Merrydew warns Eileen that she should not marry her fiancé John Stanford for the time being. While they are talking one of the society's members, Captain Pyke, rushes in and Eileen sees him killed by a shot fired through the window. She is then terrified by the murderer's apparent accomplice and faints. Captain Pyke's body is identified by his wife, whose lawyer is Merrydew. Holmes does not believe what she tells him.

It appears that the members of the society are being killed off. Inspector Lestrade, Holmes and Watson investigate the death of member Malcolm Dearing. Holmes and Watson visit Merrydew to ask about Murphy's money, without success.

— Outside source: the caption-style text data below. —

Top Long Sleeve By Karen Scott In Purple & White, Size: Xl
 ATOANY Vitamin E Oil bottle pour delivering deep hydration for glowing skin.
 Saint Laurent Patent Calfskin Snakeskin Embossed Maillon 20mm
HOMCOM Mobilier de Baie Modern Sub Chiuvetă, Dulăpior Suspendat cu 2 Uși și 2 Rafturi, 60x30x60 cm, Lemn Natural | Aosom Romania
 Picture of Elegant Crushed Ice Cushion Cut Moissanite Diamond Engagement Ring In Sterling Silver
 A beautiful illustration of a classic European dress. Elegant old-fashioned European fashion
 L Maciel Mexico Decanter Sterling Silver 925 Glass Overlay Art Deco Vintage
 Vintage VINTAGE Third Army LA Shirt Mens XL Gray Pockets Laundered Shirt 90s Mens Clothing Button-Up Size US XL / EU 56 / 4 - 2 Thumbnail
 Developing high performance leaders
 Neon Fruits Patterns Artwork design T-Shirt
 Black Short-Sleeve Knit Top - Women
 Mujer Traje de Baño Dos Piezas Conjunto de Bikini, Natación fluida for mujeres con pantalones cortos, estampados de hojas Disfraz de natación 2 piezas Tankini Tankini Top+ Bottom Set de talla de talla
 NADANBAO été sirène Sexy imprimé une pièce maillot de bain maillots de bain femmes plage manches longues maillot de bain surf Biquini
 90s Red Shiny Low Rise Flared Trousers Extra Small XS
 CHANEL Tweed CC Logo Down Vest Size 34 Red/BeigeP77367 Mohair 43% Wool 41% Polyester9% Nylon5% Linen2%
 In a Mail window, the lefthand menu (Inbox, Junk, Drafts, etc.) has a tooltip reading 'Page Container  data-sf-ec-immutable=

They pass Mrs. Pyke, who is arriving. Holmes explains to Watson that the key to the code can be found in Whitaker's Almanack, which he has observed on Merrydew's desk.

Merrydew pays a call to Eileen to invite her to another meeting of the society, the Scarlet Ring. Eileen tells John that her late father had told her that Merrydew would arrange for her to receive a large inheritance. John visits Holmes, who says Eileen is in great danger.

Holmes disguises himself and goes to the Pykes' mansion The Grange in Shoeburyness (spelled Shoebryness), which is now for sale by Mrs. Pyke. His investigations there make him suspicious that Mrs. Pyke is collaborating with Merrydew. Holmes places newspaper advertisements requesting any information about the Scarlet Ring.

The Scarlet Ring holds another meeting, where some of its remaining members, especially Jabez Wilson, are fearful for their lives. Merrydew tells them that, after waiting five years, their scheme is about to pay out one million pounds, which is £200,000 for each of the five remaining members. Holmes and John arrive as the meeting breaks up. They smell gas and are just in time to save Eileen, who had been left to die. The terrified Wilson goes to Holmes to get his help after an apparent attempt is made on his life.

Wilson and Eileen are lured to The Grange without realizing they are next to be killed. Holmes, Lestrade and police officers surround and enter the mansion and rescue them. The killer is revealed as Captain Pyke, whose death had been fabricated. He is arrested for three murders, and Mrs. Pyke is arrested as an accomplice. Merrydew arrives with the gems, and is arrested as an accomplice. Eileen and John depart happily, and Holmes is content he has rid London of another master criminal.

==Production==
Despite her billing, Anna May Wong only appears on screen for less than ten minutes. Reginald Owen had played Dr. Watson in Sherlock Holmes the previous year. Owen was one of a small number of actors to play both Holmes and Watson. Owen is also credited for "Continuity and dialogue" since he co-wrote the screenplay with Florey.

Merrydew's name may have been inspired by the villain referred to by Holmes as "Merridew of abominable memory" in The Adventure of the Empty House. The character Jabez Wilson shares the same name as the main character in the Holmes story The Red-Headed League, although there is no connection between that story and the film.